Tax on new build sale?

6 Replies

Hi all,

I just joined and hope I am posting in the correct forum.

I plan on buying a one acre lot near where I live to build a house on and then to sell it when it`s completed. My question is will I be taxed heavily on this? I`ve heard some say that I have to live in it for a year otherwise I`ll be taxed at a higher than normal rate.

My goal is to build and sell and repeat until I`m a squillionaire :)

I just moved here from Ireland and am a complete beginner to real estate and tax law here.

welcome @Al Brennan .

Property tax is based on the assessors value they place on the property. Mileage is the same for everyone whether owner-live in or investment and owner does not live in. 

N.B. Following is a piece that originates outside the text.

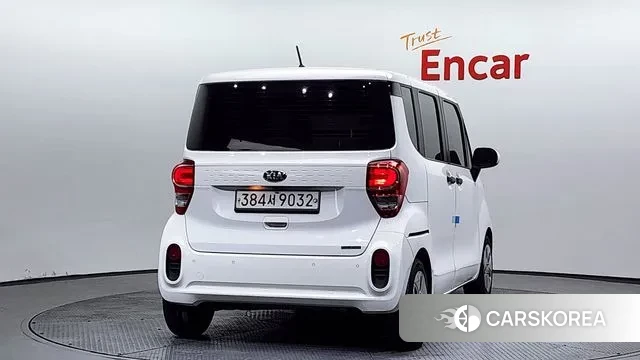 Kia The New Ray id 3552104 из Кореи 14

If you live in the property then you get to homestead which reduces an amount from the assessed value, thereby, reducing your tax payment. They deduct any homestead amounts from the accessed value. Ie assessed is $100k and your homestead is $25k so your base for which taxes will be on is $75k.

I'm not sure how long and when you apply for homestead when that kicks in. You can call the appraisers office in the area you are looking at buying. They are a wealth of information.

Thank you Daria...much appreciated. Do you know how capital gains tax might be calculated? 

I assume you're talking about federal/state income tax, not property taxes.

A flip or a spec build will be taxed at your normal income tax rate, it's not a capital gains taxable sale. It will be treated as a business or earned income, not passive investment income. So you're likely looking at somewhere in the neighborhood of 30-45% tax rate (just a guess). Just holding for a year doesn't change that, it's still earned income. 

Now if you move in and live there for 2 years as your primary residence, you can use the section 121 home sale exclusion and take the gain tax free. It sounds like that may have been what you had been hearing about to reduce the tax burden.

Sure thing @Al Brennan glad I could help.

Hey @Matt Devincenzo is there a certain amount to time that would have elapsed for the gov (IRS) to view the "flip" as not a "flip" and impose capital gains? Say for instance, one purchased a property (not like what Al wants to do) with the intent to flip it but for what ever reason, they still had it for 2 months then turned it into a rental that rented for 6mo or a yr, then were able to sell it afterward. I don't know if that's a good example, basically I'm wondering when a "flip" is not considered for "earned income" but rather "capital gains" or does it only matter with respect to how long the property is held.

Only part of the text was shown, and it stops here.